REPRESENTATIONS AND WARRANTIES
3.1
Representations and Warranties of the Company . The Company
hereby makes the following representations and warranties to the
Purchaser and to the Placement Agent (as defined below):
(a)
Organization and Qualification . Each of the Company
and each Subsidiary is an entity duly incorporated or otherwise
organized, validly existing and in good standing under the laws of
the jurisdiction of its incorporation or organization (as
applicable), with the requisite power and authority to own and use
its properties and assets and to carry on its business as currently
conducted. Neither the Company nor any Subsidiary is in
violation of any of the provisions of its respective articles of
incorporation, bylaws or other organizational or charter
documents. Each of the Company and each Subsidiary is duly
qualified to conduct business and is in good standing as a foreign
corporation or other entity in each jurisdiction in which the
nature of the business conducted or property owned by it makes such
qualification necessary, except where the failure to be so
qualified or in good standing, as the case may be, could not,
individually or in the aggregate, have or reasonably be expected to
result in (i) an adverse effect on the legality, validity or
enforceability of any Transaction Document, (ii) a material and
adverse effect on the results of operations, assets, prospects,
business or condition (financial or otherwise) of the Company and
the Subsidiaries, taken as a whole, or (iii) an adverse impairment
to the Company’s ability to perform on a timely basis its
obligations under any Transaction Document (any of (i), (ii) or
(iii), a " Material Adverse Effect ").
(b)
Subsidiaries . The Company has no direct or indirect
Subsidiaries other than those listed in Schedule 3.1(b)

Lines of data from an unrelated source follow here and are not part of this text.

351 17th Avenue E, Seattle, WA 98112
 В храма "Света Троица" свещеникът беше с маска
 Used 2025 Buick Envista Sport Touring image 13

. Except as disclosed in Schedule 3.1(b) , the Company
owns, directly or indirectly, all of the capital stock of each
Subsidiary free and clear of any and all Liens, and all the issued
and outstanding shares of capital stock of each Subsidiary are
validly issued and are fully paid, non-assessable and free of
preemptive and similar rights.
(c)
Authorization; Enforcement . The Company has the requisite
corporate power and authority to enter into and to consummate the
transactions contemplated by each of the Transaction Documents and
otherwise to carry out its obligations thereunder. The
execution, delivery and performance of each of the Transaction
Documents by the Company and the consummation by it of the
transactions contemplated thereby have been duly authorized by all
necessary corporate action on the part of the Company and its
shareholders and no further corporate action is required by the
Company or its shareholders in connection therewith. Each
Transaction Document has been duly executed by the Company and,
when delivered in accordance with the terms hereof, will constitute
the valid and binding obligation of the Company enforceable against
the Company in accordance with its terms, except as rights to
indemnity and contribution may be limited by state or federal
securities laws or the public policy underlying such laws, as
enforceability may be limited by applicable bankruptcy, insolvency,
reorganization, moratorium or similar laws affecting
creditors’ and contracting parties’ rights generally
and as enforceability may be subject to general principles of
equity (regardless of whether such enforceability is considered in
a proceeding in equity or at law).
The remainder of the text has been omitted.